# Tuxedo card account



## carrie3479 (Nov 30, 2005)

Hi just wondered if anyone else had one of these? 
Its an account with a pre pay credit card thingy-ma-jig. Just wondering if anyone has any good or bad things to say about them as tried to access my balance through an ATM and apparently the card isnt verified with the machine!! tried to find a contact number/email but you have to send a "ticket" what ever that is! rushed home between calls to check it all on the pc but none the wiser!
It does say to have benefits paid in I need to send tuxedo (its a sister thing to Barclays I think) my benefit details, would that include tax credits and child benefit?? or is it just job seekers? Info on the website is very bitty.

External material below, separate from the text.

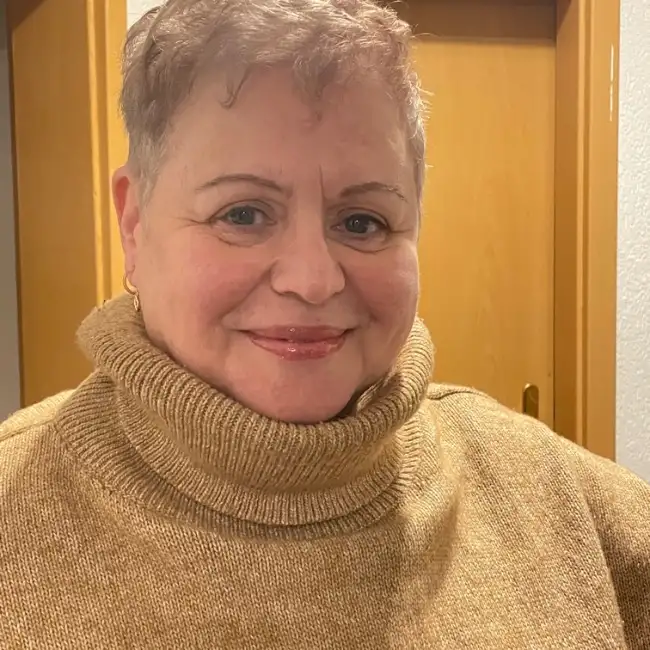 Lucy, 66 - To Be Yahad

Just a bit worried as having all my wages and tax credits paid into it!! and not long had the account  

Cheers 

Corrina xx


----------



## outspan3 (Jan 22, 2006)

possibly because its a mastercard and not a visa. Visa is used at pretty much all cash machines whereas mastercard is only accepted at some. Found this out recently when trying to use my credit card at a machine

can't help with the paying in thing though - sorry


----------



## carrie3479 (Nov 30, 2005)

Ahhhh didnt realise that about mastercard, cheers for that. Wish they would put this info into the so called information booklet! 
I will scoure the town for a compatible ATM asap!!

Corrina xx


----------